» Problem description: An exact copy of the data is required, with no pictures in it.

» Given material:
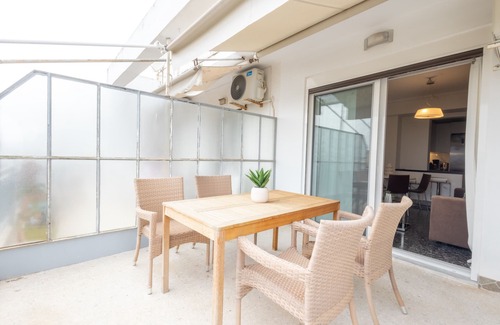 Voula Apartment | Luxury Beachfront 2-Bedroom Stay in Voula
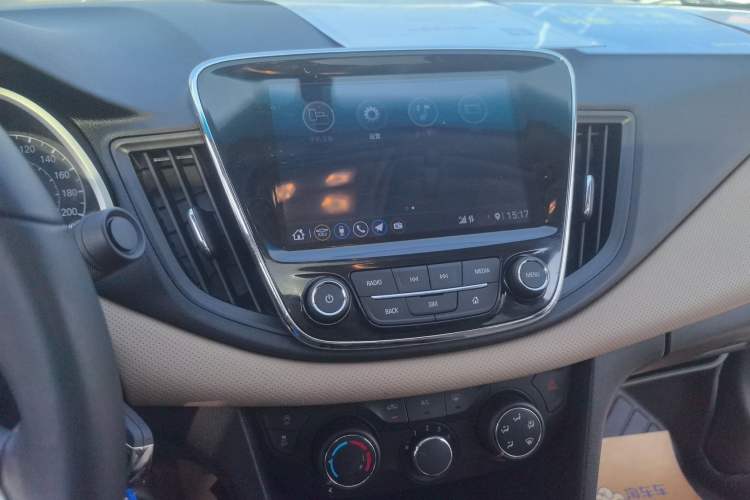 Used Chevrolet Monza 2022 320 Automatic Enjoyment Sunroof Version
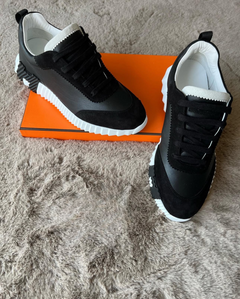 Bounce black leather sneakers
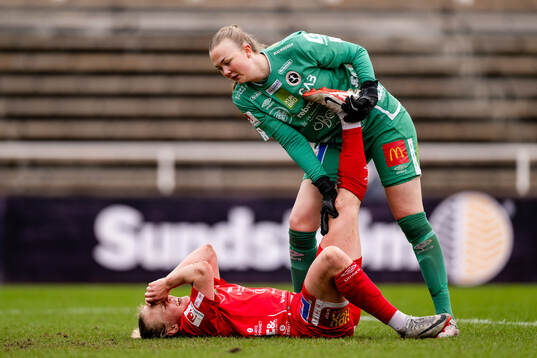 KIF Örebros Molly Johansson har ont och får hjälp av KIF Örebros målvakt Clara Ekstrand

» Solved exercise:
 Voula Apartment | Luxury Beachfront 2-Bedroom Stay in Voula
 Used Chevrolet Monza 2022 320 Automatic Enjoyment Sunroof Version
 Bounce black leather sneakers
 KIF Örebros Molly Johansson har ont och får hjälp av KIF Örebros målvakt Clara Ekstrand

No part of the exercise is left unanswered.